A thorough knowledge of the Bible is worth more than a college education.
*sigh* This is why we can’t have nice things.
Aside from this being a ridiculous premise – (Which is going to help you in the real world: a thorough knowledge of a fairy tale/horror story/slash fiction or a real-world-based education?) – I got pissed off for another reason.
Earlier this month at the American Atheists Regional Conference in St. Paul I had a chance to hear Teresa MacBain, an ex-pastor, speak about how hard it was for her to leave her church. At the Midwest Freethought Festival in Omaha, Nebraska, Jerry DeWitt shared some of his story about leaving the church after 25 years as a Pentacostal minister. He also introduced ex-evangelical preacher Dan Barker at that conference.
Dan Barker heads up The Clergy Project, a confidential online community for active and former clergy who no longer believe in the supernatural. Dan spoke about some of the challenges that clergy members have to think about when they want to quit the church. One of the big ones is career placement. How hard must it be to fill out a resume and have little other job experience to write down than “preacher” for the past 10, 20, 30 years? How well does that thorough knowledge of the bible serve ex-clergy when they leave the church and have to find a new career?

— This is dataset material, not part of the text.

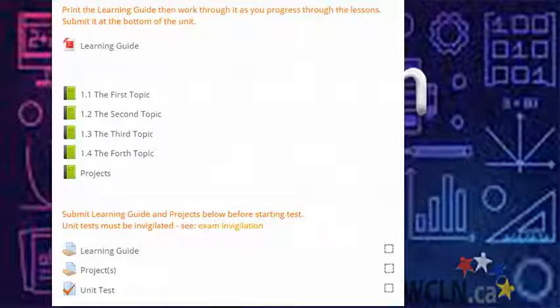Throughout the unit, you'll also find quizzes, assignments, tests, and/or projects. Instructions will precede all of these. Use them to help you improve and assess your learning.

But I don’t know; this is outside my experience. And I had a thought: Does a theology degree translate well to changing careers mid-life? For those of us who go to college, we all specialize in something and that doesn’t necessarily keep us from changing careers. The difference is, I think, that we don’t have to worry about losing belief in biology, physics, math, business, art, computer science, literature, history. These subjects are based in reality and they prepare us for taking a place in a reality-based world.
But then this bumper sticker isn’t saying a theology degree is worth more than any other degree. I’m betting in this case it falls more along the lines of “if you know the Good Book real good, that’s worth more than book-learning at one of them librul colleges.”